▶ **Dataset excerpt**:
--------------------------------------------------

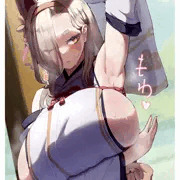 ちょろいカホさん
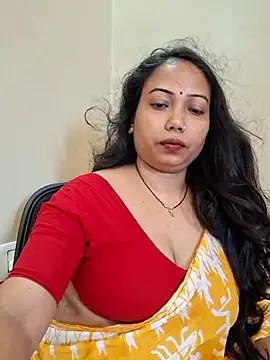 MISS_BEAUTY_ webcam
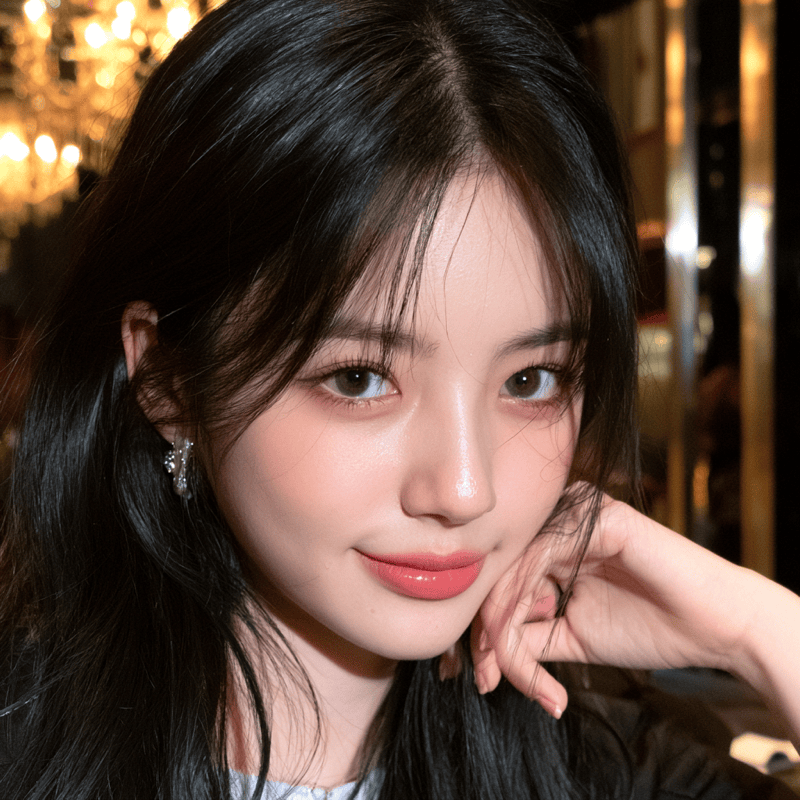 일산 브엘 룸싸롱 이미지 11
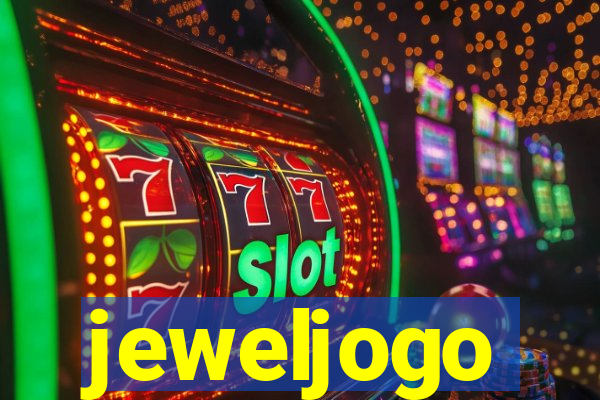 jeweljogo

--------------------------------------------------

▶ **The task**: Copy out all the data above exactly as written. Skip the pictures.

▶ **Answer space**:
 ちょろいカホさん
 MISS_BEAUTY_ webcam
 일산 브엘 룸싸롱 이미지 11
 jeweljogo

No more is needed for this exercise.